Work to complete => Look below for the line that contains "Hello everyone, welcome" and the line that contains "Workers are entitled", then restate both of them and every line in between, exactly. No picture goes in the copy.

Extracted data =>
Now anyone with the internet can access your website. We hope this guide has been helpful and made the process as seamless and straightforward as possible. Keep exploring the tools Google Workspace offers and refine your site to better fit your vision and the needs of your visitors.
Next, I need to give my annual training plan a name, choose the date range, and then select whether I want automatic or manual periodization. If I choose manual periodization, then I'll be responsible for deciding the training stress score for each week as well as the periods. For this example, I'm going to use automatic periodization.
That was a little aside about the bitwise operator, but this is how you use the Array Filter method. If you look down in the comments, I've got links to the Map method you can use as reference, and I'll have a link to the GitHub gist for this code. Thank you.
* * *
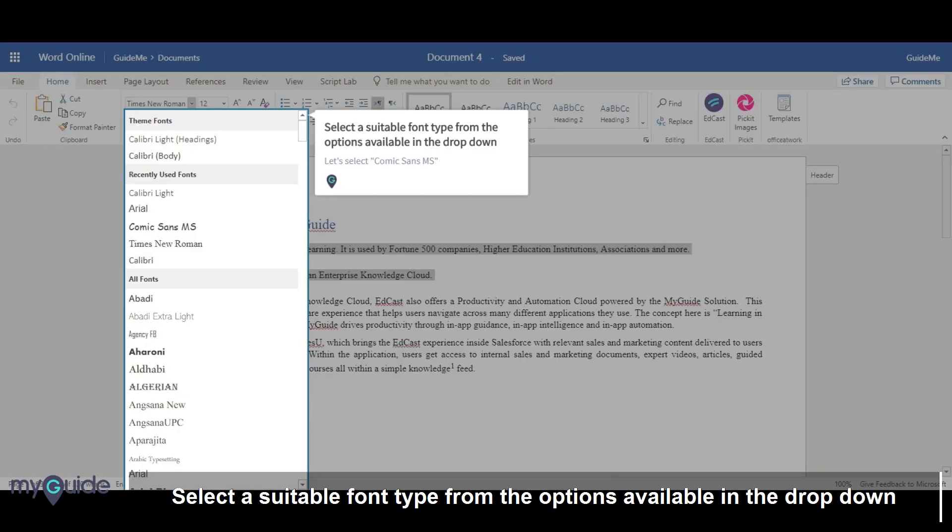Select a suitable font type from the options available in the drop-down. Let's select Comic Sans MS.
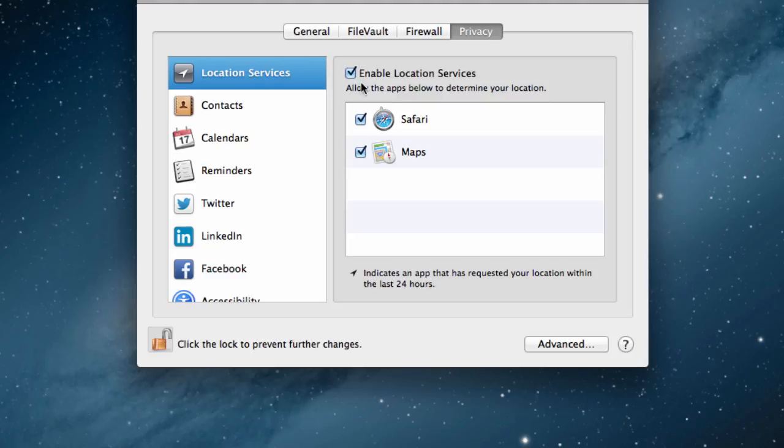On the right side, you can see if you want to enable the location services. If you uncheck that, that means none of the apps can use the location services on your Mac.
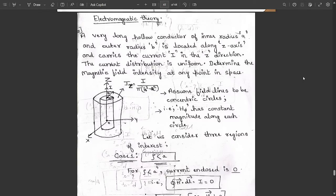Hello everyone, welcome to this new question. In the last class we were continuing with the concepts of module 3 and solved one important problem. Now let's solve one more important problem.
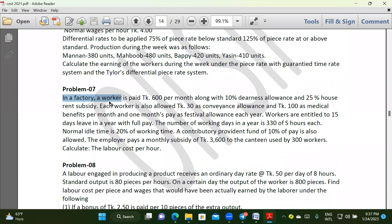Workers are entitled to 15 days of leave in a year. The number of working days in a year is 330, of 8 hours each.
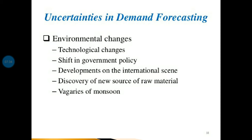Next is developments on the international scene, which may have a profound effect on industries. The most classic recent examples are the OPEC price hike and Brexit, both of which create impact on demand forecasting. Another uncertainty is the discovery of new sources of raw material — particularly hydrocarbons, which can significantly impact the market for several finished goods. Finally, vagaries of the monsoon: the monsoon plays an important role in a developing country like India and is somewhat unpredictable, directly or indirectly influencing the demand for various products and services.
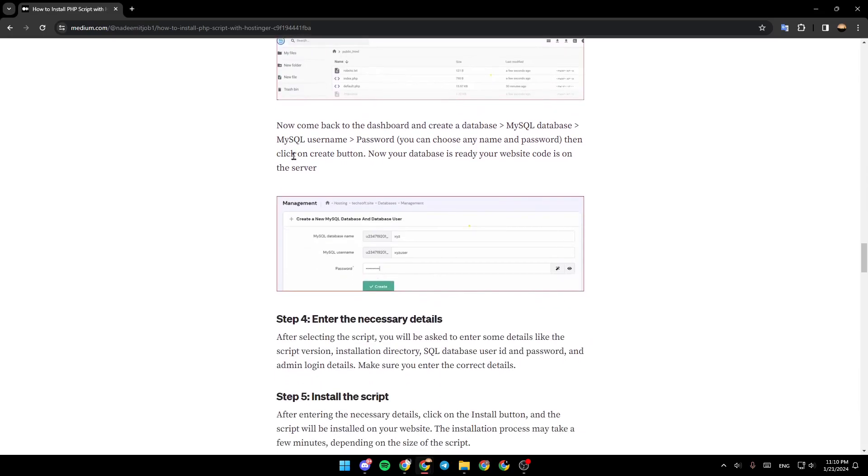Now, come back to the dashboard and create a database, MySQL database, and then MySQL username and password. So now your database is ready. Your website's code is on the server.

Worked solution =>
Hello everyone, welcome to this new question. In the last class we were continuing with the concepts of module 3 and solved one important problem. Now let's solve one more important problem.
Workers are entitled to 15 days of leave in a year. The number of working days in a year is 330, of 8 hours each.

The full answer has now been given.